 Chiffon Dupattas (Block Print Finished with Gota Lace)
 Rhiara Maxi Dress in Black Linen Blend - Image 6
* * *
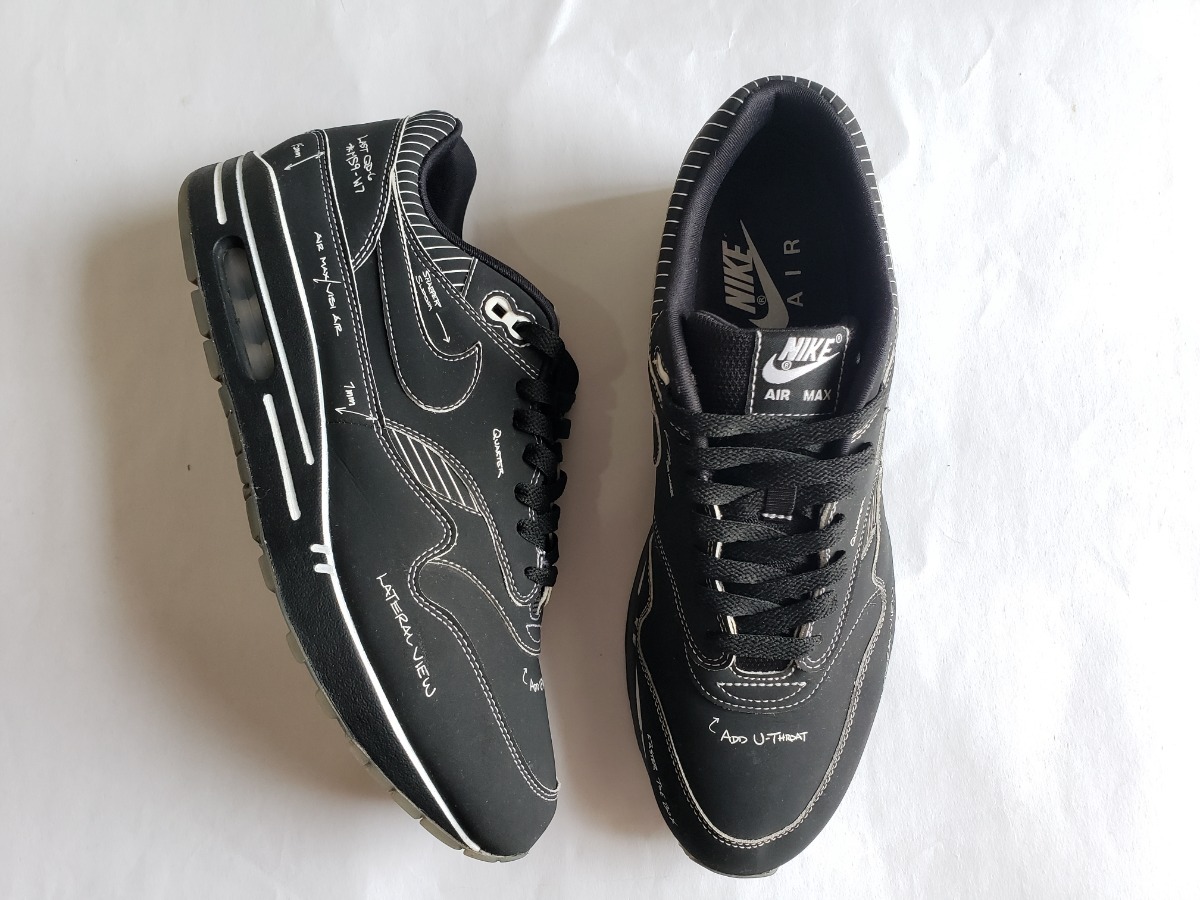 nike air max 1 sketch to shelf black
...
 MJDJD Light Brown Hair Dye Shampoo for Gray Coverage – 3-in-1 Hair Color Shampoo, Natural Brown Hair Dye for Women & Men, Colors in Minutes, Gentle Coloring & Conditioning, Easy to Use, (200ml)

▶ Task description
Of the entries above, transcribe exactly those lines that fall between the line containing "Chiffon Dupattas (Block" and the line containing "Rhiara Maxi Dress", together with those two lines.

▶ Response area
 Chiffon Dupattas (Block Print Finished with Gota Lace)
 Rhiara Maxi Dress in Black Linen Blend - Image 6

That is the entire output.